Re: cputime takes cstate into consideration

From: Peter Zijlstra
Date: Wed Jun 26 2019 - 12:16:29 EST


On Wed, Jun 26, 2019 at 10:54:13AM -0400, Konrad Rzeszutek Wilk wrote:
> On Wed, Jun 26, 2019 at 12:33:30PM +0200, Thomas Gleixner wrote:
> > On Wed, 26 Jun 2019, Wanpeng Li wrote:
> > > After exposing mwait/monitor into kvm guest, the guest can make
> > > physical cpu enter deeper cstate through mwait instruction, however,
> > > the top command on host still observe 100% cpu utilization since qemu
> > > process is running even though guest who has the power management
> > > capability executes mwait. Actually we can observe the physical cpu
> > > has already enter deeper cstate by powertop on host. Could we take
> > > cstate into consideration when accounting cputime etc?
> >
> > If MWAIT can be used inside the guest then the host cannot distinguish
> > between execution and stuck in mwait.
> >
> > It'd need to poll the power monitoring MSRs on every occasion where the
> > accounting happens.
> >
> > This completely falls apart when you have zero exit guest. (think
> > NOHZ_FULL).
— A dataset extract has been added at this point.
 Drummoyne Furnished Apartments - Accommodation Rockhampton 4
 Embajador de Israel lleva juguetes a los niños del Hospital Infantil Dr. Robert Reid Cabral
Then you'd have to bring the guest out with an IPI to access
> > the per CPU MSRs.
> >
> > I assume a lot of people will be happy about all that :)
>
> There were some ideas that Ankur (CC-ed) mentioned to me of using the perf
> counters (in the host) to sample the guest and construct a better
> accounting idea of what the guest does. That way the dashboard
> from the host would not show 100% CPU utilization.

But then you generate extra noise and vmexits on those cpus, just to get
this accounting sorted, which sounds like a bad trade.